Os Estados Unidos invadiram o país em 2001 após o 11 de setembro, ato terrorista planejado no Afeganistão, justamente para combater o Talibã.

Durante seu governo, o ex-presidente norte-americano Donald Trump acertou a retirada das tropas de seu país para maio passado. O atual presidente Joe Biden adiou a saída para agosto.

Neste domingo, a imprensa internacional noticiou que o presidente afegão Ashraf Ghani deixou o país. Logo após, o Talibã ocupou o palácio presidencial em Cabul.

Há relatos de milícias que jogaram ácido no rosto de mulheres que se dirigiam à escola, esta semana, no país.
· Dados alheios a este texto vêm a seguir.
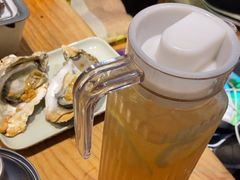 -木屋烧烤(岗顶二店)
O Talibã proíbe que mulheres estudem.

Uma outra mulher teria sido fuzilada apenas por não usar a burca, vestimenta muçulmana que cobre praticamente todo o corpo.

Homossexuais não são tolerados pelo Talibã: a pena é de apedrejamento, caso a Lei da Sharia volte a ser aplicada da forma mais radical.

"Para homossexuais, só pode haver duas punições: ou apedrejamento ou ele deve ficar atrás de muro que cairá sobre ele. A parede deve ter 2,5 a 3 metros de altura", disse um juiz talibã, em julho, que dava certeza do retorno da pena aos gays.